Download or read book Hidden San Francisco written by Chris Carlsson and published by Pluto Press (UK). This book was released on 2020 with total page 0 pages. Available in PDF, EPUB and Kindle. Book excerpt: San Francisco is an iconic and symbolic city. But only when you look beyond the picture-postcards of the Golden Gate Bridge and the quaint cable cars do you realise that the city's most interesting stories are not the Summer of Love, the Beats or even the latest gold rush in Silicon Valley. Hidden San Francisco is a guidebook like no other.
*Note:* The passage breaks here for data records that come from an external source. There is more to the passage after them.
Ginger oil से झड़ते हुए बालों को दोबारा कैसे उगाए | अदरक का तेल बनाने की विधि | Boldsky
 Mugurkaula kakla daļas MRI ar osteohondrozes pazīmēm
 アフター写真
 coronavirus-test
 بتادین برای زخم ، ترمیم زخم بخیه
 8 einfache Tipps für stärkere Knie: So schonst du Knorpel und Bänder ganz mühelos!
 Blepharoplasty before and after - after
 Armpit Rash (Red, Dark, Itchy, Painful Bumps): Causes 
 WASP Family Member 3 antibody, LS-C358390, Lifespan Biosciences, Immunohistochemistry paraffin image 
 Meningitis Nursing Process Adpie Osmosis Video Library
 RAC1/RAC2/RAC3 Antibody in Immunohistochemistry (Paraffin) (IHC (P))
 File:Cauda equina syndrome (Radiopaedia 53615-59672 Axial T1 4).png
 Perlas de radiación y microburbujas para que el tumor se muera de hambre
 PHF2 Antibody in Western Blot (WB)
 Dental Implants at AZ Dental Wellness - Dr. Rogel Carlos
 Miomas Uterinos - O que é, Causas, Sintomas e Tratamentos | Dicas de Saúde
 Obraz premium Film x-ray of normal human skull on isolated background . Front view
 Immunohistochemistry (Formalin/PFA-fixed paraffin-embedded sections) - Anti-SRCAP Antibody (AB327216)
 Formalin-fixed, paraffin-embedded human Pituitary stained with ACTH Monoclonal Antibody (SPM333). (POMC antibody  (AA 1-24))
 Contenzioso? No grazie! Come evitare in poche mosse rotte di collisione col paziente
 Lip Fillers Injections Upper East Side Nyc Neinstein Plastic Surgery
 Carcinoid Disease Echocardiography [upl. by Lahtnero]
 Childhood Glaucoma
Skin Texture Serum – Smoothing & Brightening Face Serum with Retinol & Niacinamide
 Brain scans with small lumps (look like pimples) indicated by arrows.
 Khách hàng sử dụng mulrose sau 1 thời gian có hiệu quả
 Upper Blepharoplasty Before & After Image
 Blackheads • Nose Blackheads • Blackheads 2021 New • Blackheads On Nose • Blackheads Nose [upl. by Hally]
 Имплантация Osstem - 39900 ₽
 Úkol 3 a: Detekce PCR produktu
Structured around the four major themes of ecology, labour, transit and dissent, Chris Carlsson peels back the layers of San Francisco's history to reveal a storied past: behind old walls and gleaming glass facades lurk former industries, secret music and poetry venues, forgotten terrorist bombings, and much more. Carlsson delves into the Bay Area's long prehistory as well, examining the region's geography and the lives of its inhabitants before the 1849 Gold Rush changed everything, setting in motion the clash between capital and labour that shaped the modern city. From the perspective of the students and secretaries, longshoremen and waitresses, Hidden San Francisco uncovers dozens of overlooked, forgotten and buried histories that pulse through the streets and hills even today, inviting the reader to see themselves in the middle of the ongoing, everyday process of making history together.

Book Beyond Wild

    Book Details:
  • Author : Raymond Jungles
  • Publisher : The Monacelli Press, LLC
  • Release : 2021-11-09
  • ISBN : 1580935826
  • Pages : 257 pages

Download or read book Beyond Wild written by Raymond Jungles and published by The Monacelli Press, LLC. This book was released on 2021-11-09 with total page 257 pages. Available in PDF, EPUB and Kindle. Book excerpt: Monograph on Raymond Jungles, a contemporary landscape architect based in Miami known for innovative but timeless design and a commitment to ethical stewardship of the land. For almost 40 years, Raymond Jungles has generated design solutions that respond to surrounding natural systems while restoring nature's balance and harmony on a micro-scale. His completed gardens personify timelessness and beauty, with verdant spaces that entice participation and soothe the psyche. This monograph, the fourth to focus on his work, will present 21 completed projects, along with a section of work in progress featuring sketches, renderings, and site plans of 12 current projects of varying typologies including an 18-acre Phipps Ocean Park in the Town of Palm Beach, Florida. Among the featured works are major landscapes surrounding luxury residential complexes as well as lush private gardens from the mountains in Mexico to volcanic craters in Panama, Caribbean beachfronts, the Florida Keys, and densely populated cities like Manhattan and Miami. Highlights include the restoration of the famed interior garden by the revered landscape architect Dan Kiley at the Ford Foundation Center for Social Justice in New York; a landscape to evoke the work of legendary Brazilian designer Roberto Burle Marx at the New York Botanical Garden, and two new gardens at the the Naples Botanical Garden. Founded in 1985 by Raymond Jungles, the firm’s design priorities are generated by the scale and functionality of a space. Simple, clean, and well-detailed hardscape elements are the quintessential bones of a garden. Planting volumes vary and bold colors and textures are used with intent. The firm is guided by Raymond’s personal and design principles: integrity, relevance, and nature’s honor. Their informed designs tread lightly on the land, provide habitat, and incorporate elements of surprise.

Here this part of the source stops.